Before rage-quitting, rm -rf an entire setup and never seeing a sweet terminal again, I got the habit to run a quick sanity check on the usual suspects.
1. The Obvious Culprit: Our Code
- Failing tests? Check the logs! Flaky tests, race conditions, or bad assertions love to sneak in.
 - Syntax errors? Linters and IDE checks help, but CI systems don’t forgive typos. Mirror the pipeline linter on your IDE, hold it close.
 - Dependency hell? 
npm install,pip, orgo modcan break overnight. Lock your versions. - New failure? Write a test for it. If something breaks in CI, it’ll break again. Capture the bug with a test now instead of future-you debugging it twice.
 
Quick sanity check (e.g.) :
# Reproduce locally, then lock it down with a test
pytest tests/test_fixed_bug.py -k "test_thing_that_failed_in_ci"
2. The Silent Killer: Pipeline Configs
Your .gitlab-ci.yml, Jenkinsfile, or GitHub Actions workflow might be:
- Misconfigured (indentation, wrong keys, missing steps).

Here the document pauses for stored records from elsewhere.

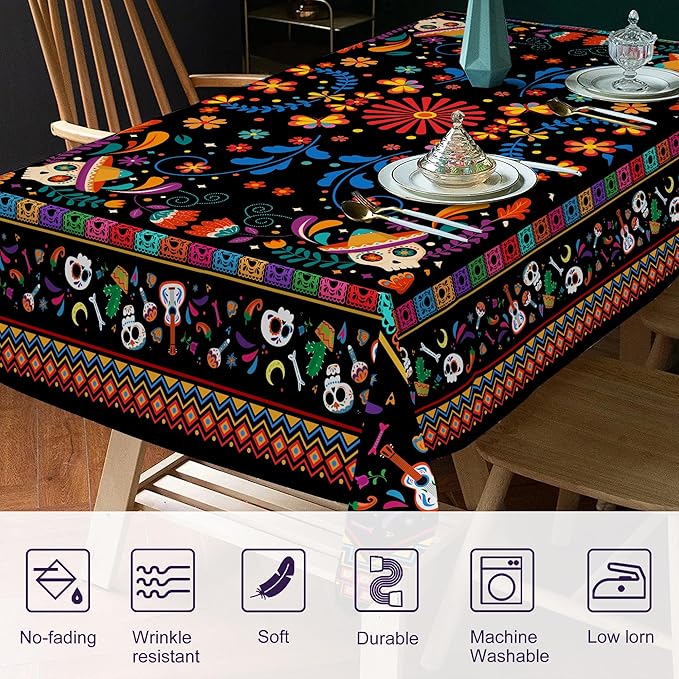 Mexican Tablecloth Rectangle 60 x 84 Inch, Cinco De Mayo Flower Skull Table Cloth Fiesta Indoor Decorations for Dining Room Party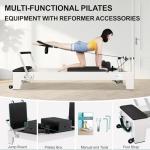 JOYRIDER 90" Pilates Reformer, Wooden Reformer Pilates Machine for Home Workout and Studio, Oak Wood, Pilates Equipment with Piano Wire Spings, Pilates Box, Jump Board(Black)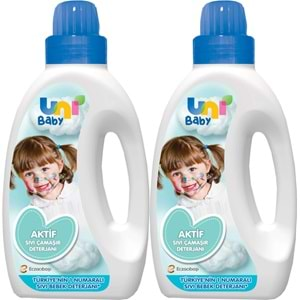 Uni Baby Sıvı Çamaşır Deterjanı 1500ML Aktif (Mavi) (2 Li Set)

 - Using outdated syntax (CI tools evolve fast).
 - Assuming wrong environments (“But it works on my machine!”).
 
Quick sanity check (e.g.) :
# Validate your configs (e.g., GitHub Actions)
gh workflow lint .github/workflows/deploy.yml
3. The Phantom Menace: Environment Variables
Secrets vs. Variables:
- Secrets (API keys, tokens) should never be hardcoded. Use your CI’s secret store.
 - Configs (e.g., 
ENV=staging) can be plain variables but should still be version-controlled. 
Common fails:
- Missing vars: Your local 
.envisn’t magically in CI. List required vars in yourREADME. - Typos: 
DATABASE_URL≠DB_URL(case sensitivity matters!). - Scope issues: Does the variable exist in this job/stage?
 
Quick sanity check (e.g.) :
# Debug env vars in CI (GitHub Actions example)
- name: Log env vars
  run: printenv | sort
4. The Empire Strikes Back: Permissions
- Missing secrets? AWS keys, SSH tokens, or database URLs must exist in CI variables.
 - Wrong permissions? Can your runner access the registry, repo, or deployment target?
 - Resource limits? OOM kills, slow runners, or Docker rate limits can fail builds.
 
Quick sanity check (e.g.) :
# Debug permissions in a CI step
- name: Check AWS access
  run: aws sts get-caller-identity
5. The Hidden Time Bomb: External Dependencies
- APIs down? Tests calling 
https://some-unreliable-api.comwill fail randomly. Mock these as much as possible without compromising your tests. - Package registry issues? npm, PyPI, or Maven outages do break builds. Breathe. Cache if possible.
 - Race conditions? Parallel jobs might conflict (e.g., DB migrations vs. tests). These deserve their own place in hell but also another chance. Quick sanity check (e.g.) :
 
# Retry flaky steps in GitHub Actions
- name: Test
  run: pytest
  retry-on-error: true
6. The Human Factor
- “It worked yesterday!” → Someone changed a config, test, or dependency. Check those.
 - Manual hotfixes? Untracked changes in production can desync with CI. I know there’s no time to run a pipeline, run it anyway.
 - Stale branches? Merging old code without rebasing = 💥. Run pipelines on every bit of code. Fail in a PR, always merge with a pass and live a happy life.
 
Quick sanity check (e.g.) :
# Enforce "test before merge"
git push origin HEAD --force-with-lease  # (Just kidding, don't.)
Main Quest: Make Your Pipeline Resilient
- Fail fast: Put cheap checks (lint, unit tests) early. Run pipelines as soon as you can, either on branches or PRs, avoid breaking 
main. - Log everything: Debugging without logs is like fixing a car blindfolded while holding a hyperactive hamster. If a riddle appears in the form of an error message, add some logs to help the next tortured soul (might be future-you).
 - Automate recovery: Auto-retry flaky steps, but always with limits.
 
Next time your pipeline fails, don’t panic – run this checklist. And if all else fails, blame Docker. (Kidding… mostly.)